Since the platform will foremost be a FrontEnd Interfaces 2.0 -compatible transceiver, we developed our recipe and software for this: our top-level FEI Programmable Device. Programmable? Yes, it is a very unique FEI Tuner, since it is also an Aggregate Device — that is, it will be associated with potentially multiple possible Personas. And because of our PL design, any persona installed bitstream is dual-purpose. With a few common register writes, the IP is bypassed, restoring it to pure FEI Tuner operation.
Then we began adding Persona Device recipes. Each of these recipes uses the declared
MACHINE name to select the Persona’s matching bitstream for the target FPGA. To further simplify future integration, each recipe also inherits from a class that configures the related dependencies and tasks so that a bitstream package is added to the build automatically.
This mechanism simplified adding new features since the recipe and class are simple templates, leaving the only real effort as backfilling the Persona Device template to make it specific to the new feature. Once finished, one simply runs
bitbake my-new-persona to generate all of the necessary packages for that persona (as RPMs, in this case). Those packages are then installed on the target using the associated package manager. Easy.

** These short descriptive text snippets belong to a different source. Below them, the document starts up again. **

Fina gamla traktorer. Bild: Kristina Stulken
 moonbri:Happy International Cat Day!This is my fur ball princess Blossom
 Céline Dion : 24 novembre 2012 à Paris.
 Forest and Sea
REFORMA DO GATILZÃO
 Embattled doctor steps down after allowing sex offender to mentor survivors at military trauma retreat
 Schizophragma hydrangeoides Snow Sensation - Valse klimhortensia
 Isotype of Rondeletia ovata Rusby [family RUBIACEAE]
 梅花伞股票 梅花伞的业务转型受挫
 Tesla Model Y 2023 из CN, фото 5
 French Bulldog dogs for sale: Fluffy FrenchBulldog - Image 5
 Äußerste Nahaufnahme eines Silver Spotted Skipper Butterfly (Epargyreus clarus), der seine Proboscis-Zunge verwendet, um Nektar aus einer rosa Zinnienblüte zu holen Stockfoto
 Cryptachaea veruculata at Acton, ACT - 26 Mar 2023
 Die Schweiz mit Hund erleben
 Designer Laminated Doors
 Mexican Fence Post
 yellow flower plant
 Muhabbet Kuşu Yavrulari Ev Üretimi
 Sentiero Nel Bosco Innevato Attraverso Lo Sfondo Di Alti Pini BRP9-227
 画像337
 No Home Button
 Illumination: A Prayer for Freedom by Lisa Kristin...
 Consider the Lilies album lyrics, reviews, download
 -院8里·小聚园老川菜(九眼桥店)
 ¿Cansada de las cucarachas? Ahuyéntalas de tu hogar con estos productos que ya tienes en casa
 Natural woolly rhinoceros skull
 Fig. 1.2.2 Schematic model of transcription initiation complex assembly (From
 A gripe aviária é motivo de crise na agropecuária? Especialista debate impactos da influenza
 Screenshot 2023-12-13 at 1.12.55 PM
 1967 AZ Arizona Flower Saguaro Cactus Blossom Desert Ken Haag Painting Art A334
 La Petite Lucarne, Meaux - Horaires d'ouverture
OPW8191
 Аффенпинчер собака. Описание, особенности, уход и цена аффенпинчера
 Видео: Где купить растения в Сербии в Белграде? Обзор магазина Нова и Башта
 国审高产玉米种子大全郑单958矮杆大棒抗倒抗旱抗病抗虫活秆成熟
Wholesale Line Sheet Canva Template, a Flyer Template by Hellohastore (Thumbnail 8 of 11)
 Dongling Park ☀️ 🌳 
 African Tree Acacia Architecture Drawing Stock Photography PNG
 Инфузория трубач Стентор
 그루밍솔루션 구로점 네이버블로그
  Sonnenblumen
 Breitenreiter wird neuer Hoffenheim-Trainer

Finally, the last integration process element: the REDHAWK Node. In our
meta-redhawk-sdr layer, we use a script, which calls on REDHAWK’s code generators, to collect any installed Node definitions into one larger one on start-up that represents all installed devices with their custom parameters. For this build process, we envisioned something similar. As before, if the top-level Node is not defined on boot-up, the script runs to create it. Again, we use REDHAWK’s own code generators to locate our FEI Programmable Device, instantiate it, and then associate all installed Personas. When the Node joins the Domain the next time, the new Personas are available for use. Very easy.
Conclusion and Demo
In the preceding sections we have covered in some detail how we developed an integration platform around Analog Devices’ own HDL IP and Linux Kernel with our own Yocto-based build environment. The resulting environment can target a number of Zynq -based platforms including the ZC706 and ZedBoard while providing hot-swappable Personas to a REDHAWK FEI Tuner Device and Node.
So… demo then? Of course!
In the video, we showcase a ZedBoard with an FMCOMMS3. The available personas are the basic tuner and an all in-fabric pass-through capability which operates like a bent pipe. The Persona can still receive data from the tuner interface, but the transmitter is being fed straight from the receiver without having to cross from the FPGA fabric into the ARM processor.